The exercise is, given multiple vectors $v_1, v_2, \ldots, v_n$, which span a linear subspace $U=span\{v_1, v_2, \ldots, v_n\}$, to determine all subsets of them, which are a basis of that subspace. This implies, of course, that not all given vectors are linearly independent.
In class we discussed the method of writing all vectors vertically into a matrix $A = (v_1, v_2, \ldots, v_n)$ and then performing Gaussian elimination steps to obtain an upper triangular matrix.
For example I obtained for some (irrelevant) vectors $U = span\{v_1, v_2, v_3, v_4\}$ the matrix
$$A=\begin{pmatrix}
1 & 2 & 3 & 4 \\
0 & 7 & 8 & 9 \\
0 & 0 & 0 & 1
\end{pmatrix}$$
This implies that ${v_1, v_2, v_4}$ build a basis for $U$.
How can I determine other subsets of the given vectors, which form a basis as well?
A friend said that vectors on the same step are alternative, i.e. I could have chosen vector 3 instead of vector 2 in the aforementioned basis because vector 3 is on the same step as vector 2 in the matrix.
Best Answer
Once you got that matrix, you already know that the subspace has dimension $3$, so only subsets with three vectors matter. There are only four ways in which you can choose three out of four.

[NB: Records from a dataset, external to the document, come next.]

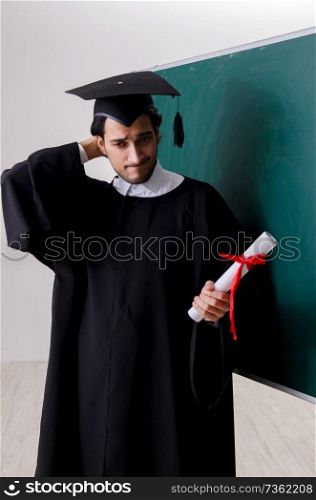 Graduate student in front of green board 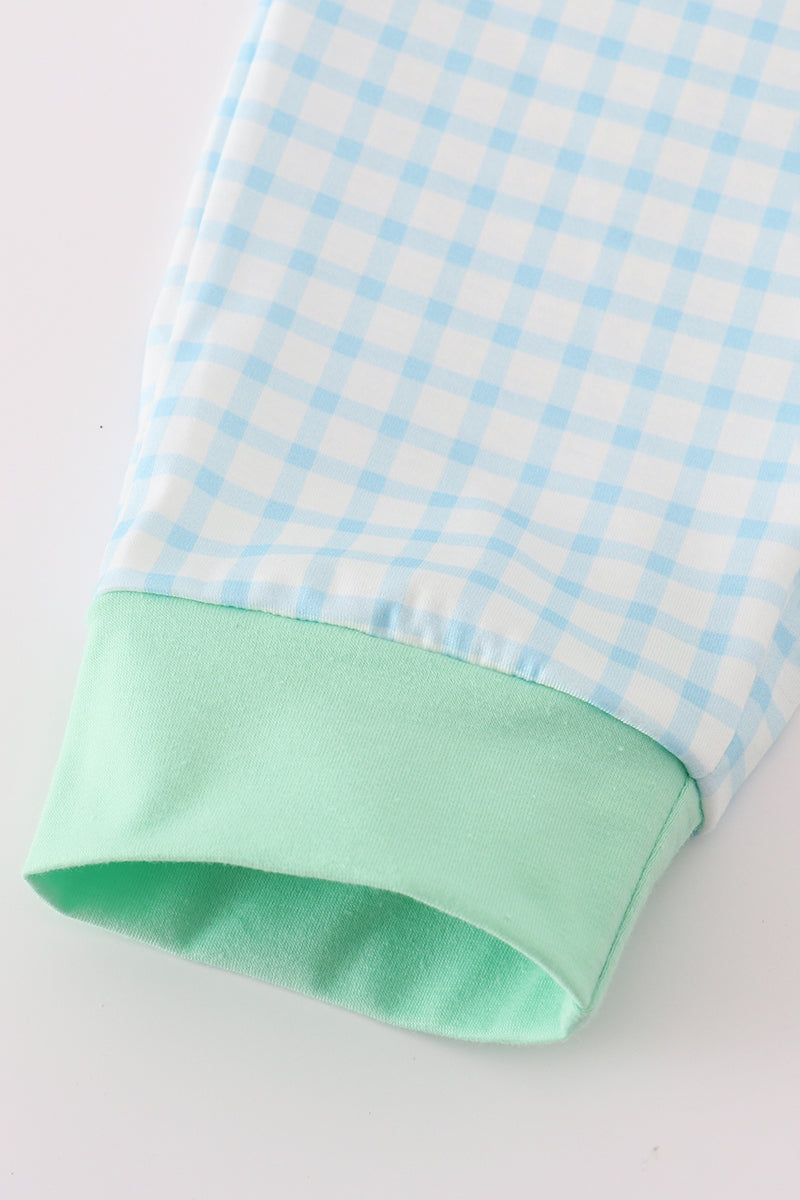 Close-up of a fabric with blue and white checkered pattern and green trim on a light gray background
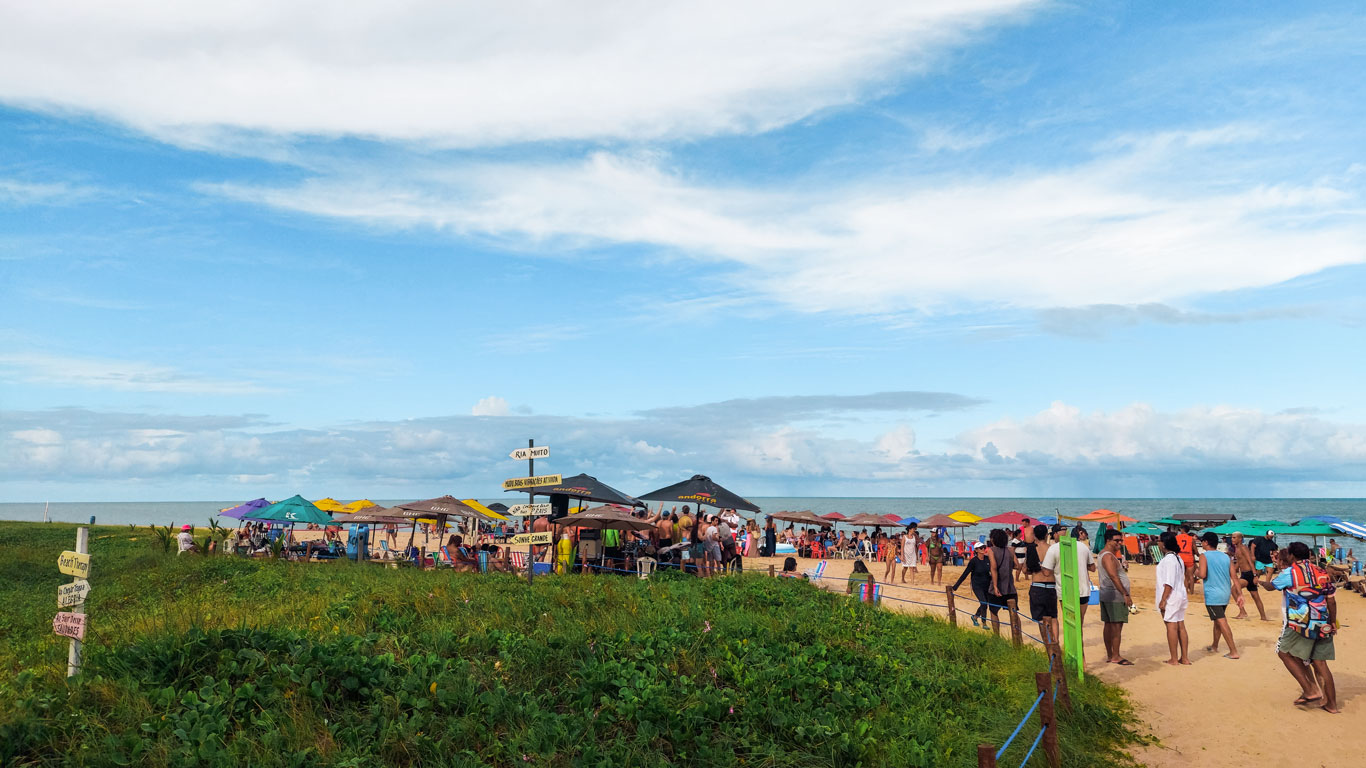 Bustling Jardim Oceania Beach, with colorful beach stalls and people milling about, next to a grassy area with signs pointing out directions.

From you matrix you can see that $v_4$ can never be written as a linear combination of the other three. So now the only possible subsets are $$ \{v_1,v_2,v_4\},\ \{v_1,v_3,v_4\}, \{v_2,v_3,v_4\}. $$ And the three sets are good, because each of $\{v_1,v_2\}$, $\{v_1,v_3\}$, and $\{v_2,v_3\}$ are linearly independent.